Fulfil ye my joy, that ye be likeminded, having the same love, being of one accord, of one mind. Let nothing be done through strife or vainglory; but in lowliness of mind let each esteem other better than themselves. Let this mind be in you, which was also in Christ Jesus: Who, being in the form of God, thought it not robbery to be equal with God: But made himself of no reputation, and took upon him the form of a servant, and was made in the likeness of men: And being found in fashion as a man, he humbled himself, and became obedient unto death, even the death of the cross. Wherefore God also hath highly exalted him, and given him a name which is above every name: That at the name of Jesus every knee should bow, of things in heaven, and things in earth, and things under the earth; And that every tongue should confess that Jesus Christ is Lord, to the glory of God the Father. Wherefore, my beloved, as ye have always obeyed, not as in my presence only, but now much more in my absence, work out your own salvation with fear and trembling. For it is God which worketh in you both to will and to do of his good pleasure. Do all things without murmurings and disputings: That ye may be blameless and harmless, the sons of God, without rebuke, in the midst of a crooked and perverse nation, among whom ye shine as lights in the world; Holding forth the word of life; that I may rejoice in the day of Christ, that I have not run in vain, neither laboured in vain. … Receive him therefore in the Lord with all gladness; and hold such in reputation: Because for the work of Christ he was nigh unto death, not regarding his life, to supply your lack of service toward me.
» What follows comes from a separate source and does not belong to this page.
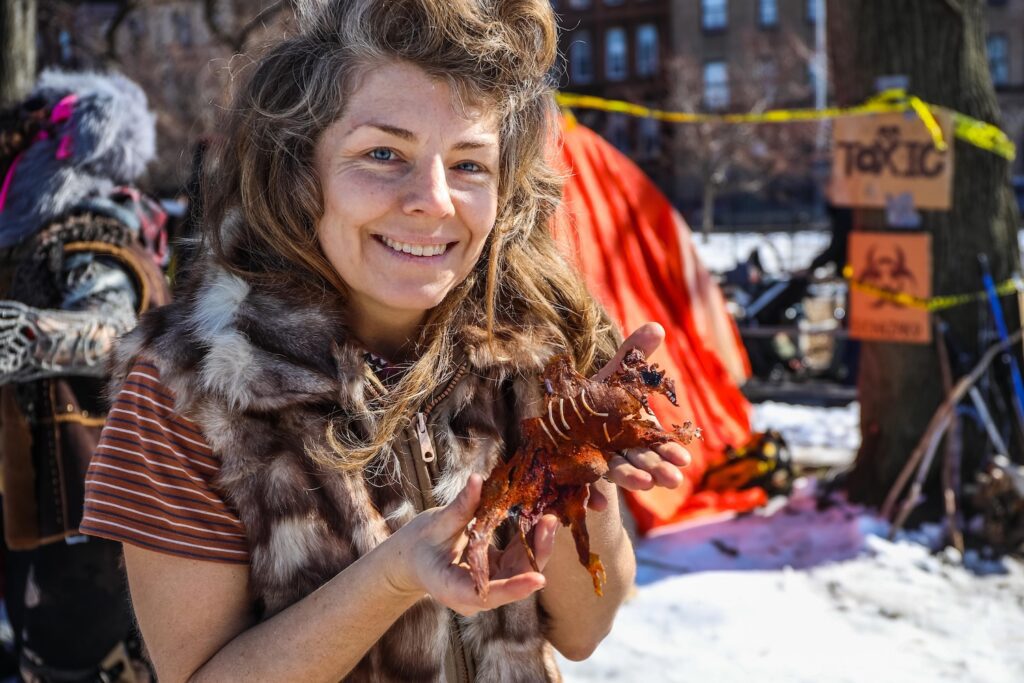 Cathertine Stackpole and her rat jerky at the eighth annual Competitive Winter Picnicking Games in Bed-Stuy, Brooklyn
Paul treats unity like something you can spend. Spend it on yourself, and the church goes broke. Philippians 2 names the quiet way a community frays: people start keeping score. Who gets heard, who gets credit, whose preferences set the temperature, who feels slighted. In Philippi, a Roman colony, status was normal air. Rank told you who mattered. Paul does not pretend that instinct disappears when you become a Christian. He faces it and gives a counter-habit: “Let nothing be done” for ego, and start treating the other person as heavier than you. That is not a mood. It is a decision about where the group’s attention and praise will go, and it has to be deliberate because the default is competition.

Then Paul grounds that counter-habit in Jesus. Jesus is not someone who begins low and finally earns a promotion. He begins with the highest possible standing, “being in the form of God,” and the shock is what he refuses to do with it. The KJV line “thought it not robbery” can sound like he is deciding not to steal something. Paul’s point lands closer to this: he does not treat equality with God as something to seize and use. He has every kind of leverage and will not cash it in for himself. That is where this passage presses. Anyone can look humble when they have no power. Paul is talking about humility with power still in your hand. When Jesus “made himself of no reputation,” Paul is not saying Jesus stops being divine. He is saying Jesus chooses the social location of a slave, and then keeps obeying when obedience leads to the most humiliating kind of death a Roman world could imagine. The downward move stays voluntary, all the way down. That makes it a direct threat to the neat, respectable ways we use advantage while telling ourselves we are innocent.